Around these Parts

Tuesday, June 7, 2011

The Station Agent (2003)

Peter Dinklage walking the right-of-way
I am curious to know whether 2003's indie drama The Station Agent has experienced a spike in sales or rentals since the debut of HBO's fantasy series Game of Thrones.  Peter Dinklage's performance in that series is the stand-out among a generally stellar ensemble, and is already receiving considerable Emmy buzz -- I can't be the only one inspired to go back and check out his breakthrough role.  I hope I'm not, anyway, as The Station Agent, although ultimately rather slight, is a terrific showcase for a truly remarkable actor.


Dinklage plays Fin, a misanthropic dwarf whose only love is trains and only apparent friend the taciturn elderly man who runs the model train shop that employs him.  In the film's opening minutes spent in Fin's hometown of Hoboken, we see that every trip outside of the dual sanctuaries of home and workplace is a veritable gauntlet Fin must run, as he faces down stares, jeers and jokes at the expense of his stature.  When he inherits a small patch of land in Newfoundland, NJ containing an abandoned train depot, Fin's eyes light up when the lawyer describes how isolated the area is.  We get the sense that only his need to be near the railroads would prevent Fin from fleeing as far from human civilization as he could.

Bobby Cannavale as Joe
What Fin doesn't anticipate is that the fact that Newfoundland is a much smaller town only means the people will be all the more inescapable.  In particular, he is drawn into the orbit of Joe (Bobby Cannavale) a young man operating his father's food truck and masking his loneliness behind seemingly unlimited gregarious energy, and Olivia (Patricia Clarkson) a woman who lost her young son two years previously, and has now fled her home in Princeton to retire into perpetual mourning. 

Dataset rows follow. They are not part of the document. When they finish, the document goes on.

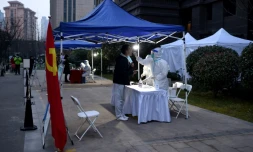 Un habitant se fait tester au Covid-19 à Xi'an, en confinement, le 23 décembre 2021 en Chine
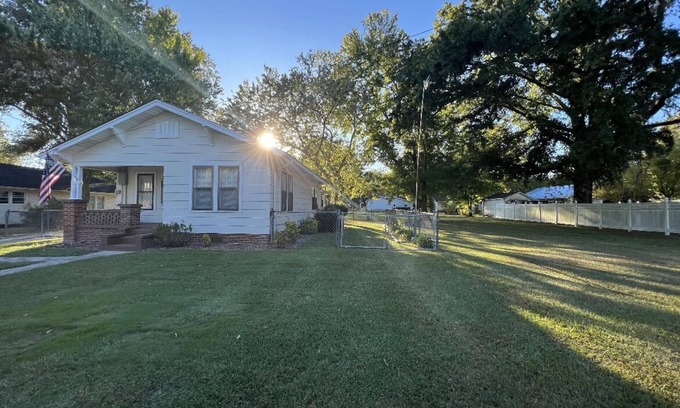 Cullman House | Top-Rated Cullman City Cottage near I-65 with Kitchen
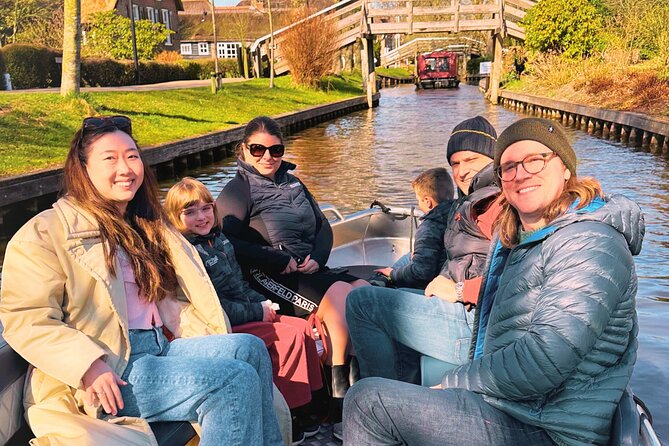 Giethoorn and Zaanse Schans Tour With Local Guide - Stop 3: Zaanse Schans village and windmill time (what to prioritize)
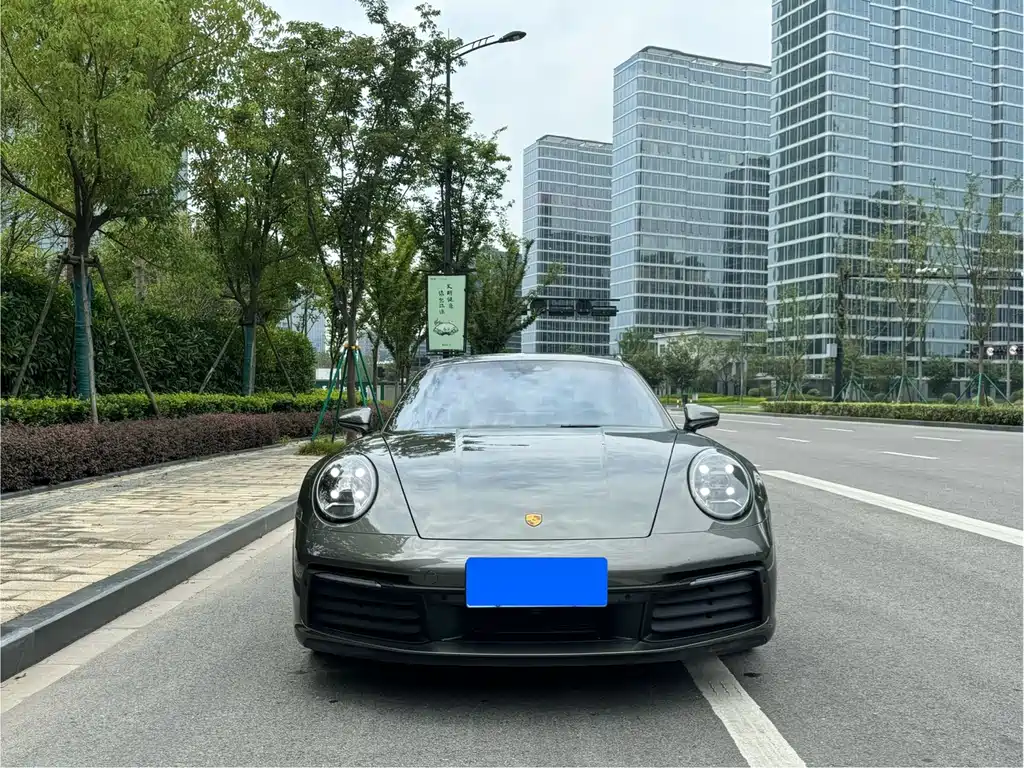 PORSCHE 911
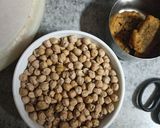 A picture of step 1 of Punjabi Chole.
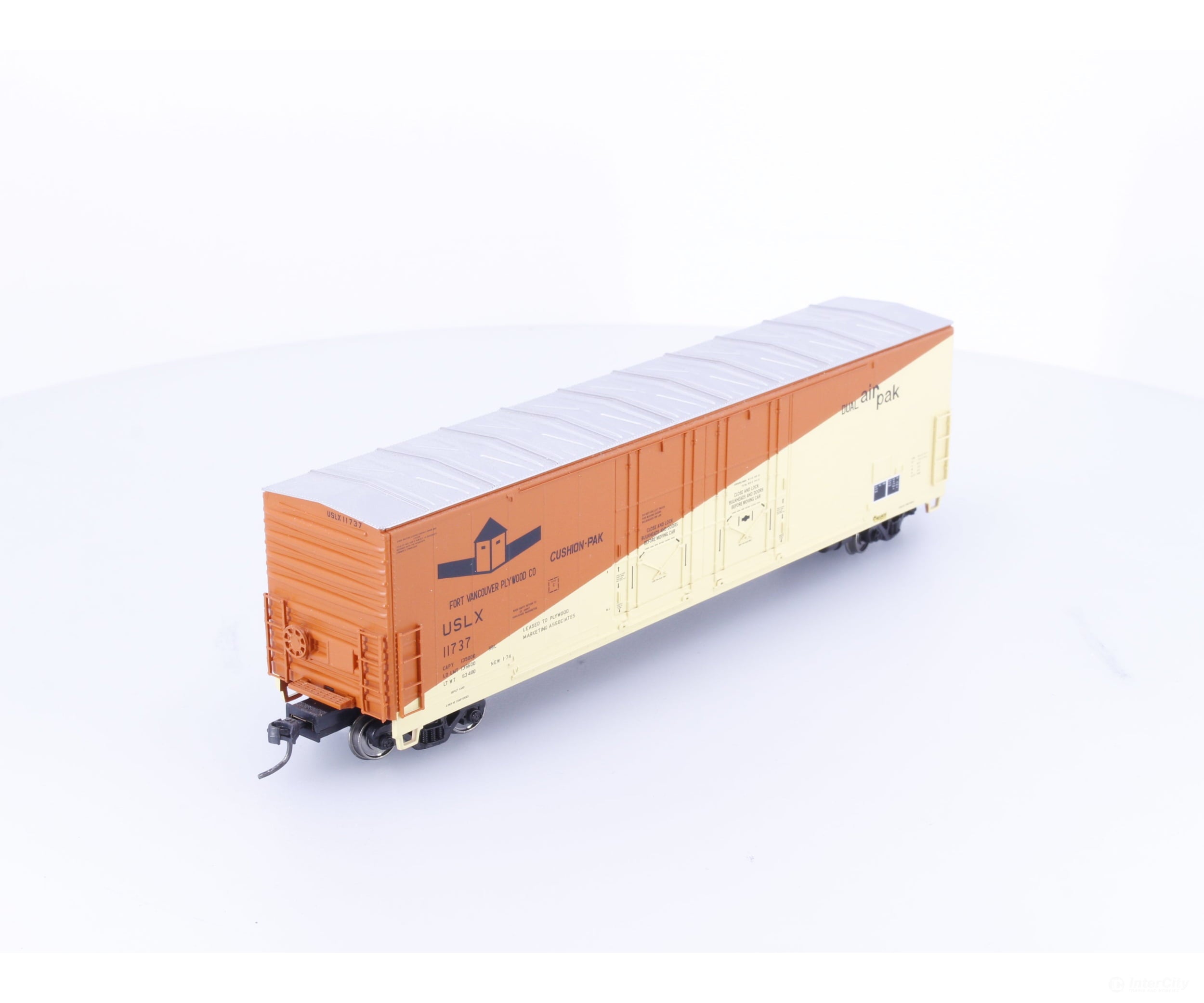 Atlas 1778-2 HO Evans 53’ Double Plug Door Box Car Fort Vancouver Plywood (USLX) 11737 - Freight Cars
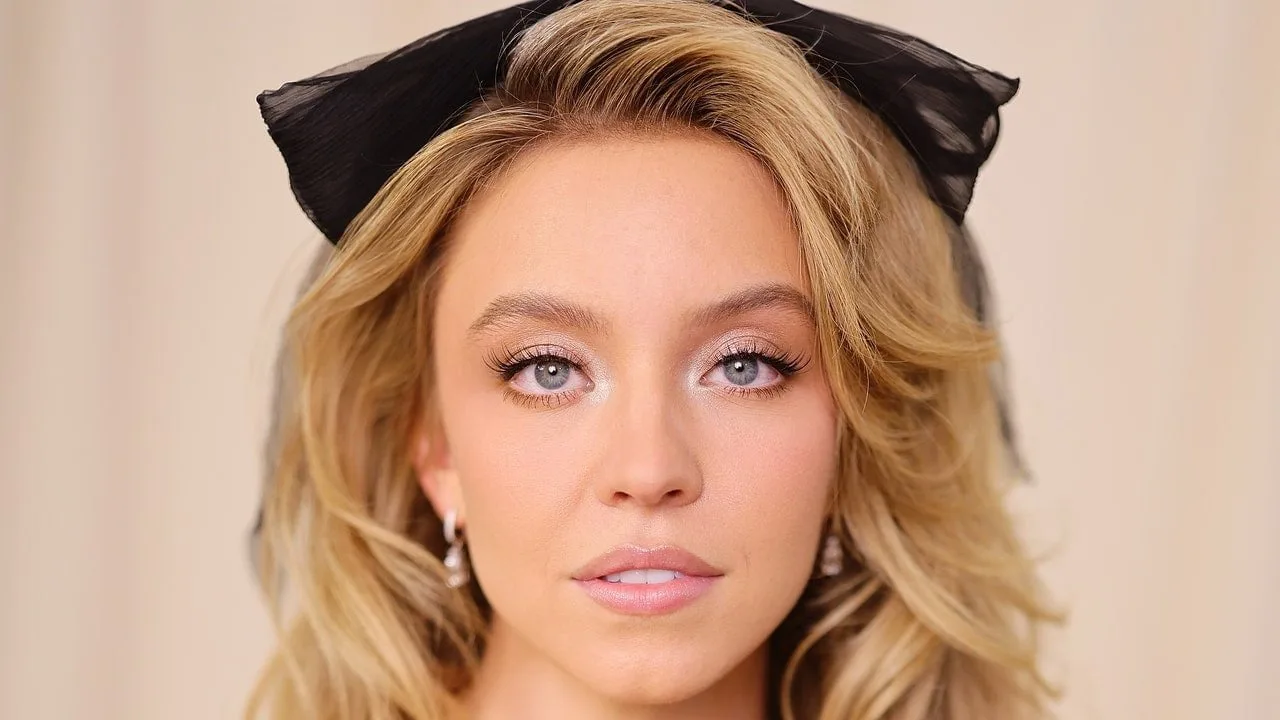 Sydney Sweeney tocmai a demonstrat că nu există prea mult fard de obraz – Vezi poze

Indie comedy/dramas about lonely people coming together to find some kind of family are a dime a dozen, but The Station Agent stands apart from the pack thanks to the strength of its performances.   All three leads are perfectly cast; all three shine in roles which provide no opportunities to speechify, emote, or chew the scenery.  We come to understand these characters from the ways they avoid certain questions, the ways that smiles come and go, and the ways they rely on each other.

Clarkson paints while one of the film's ubiquitous telephones sits ominously in the foreground.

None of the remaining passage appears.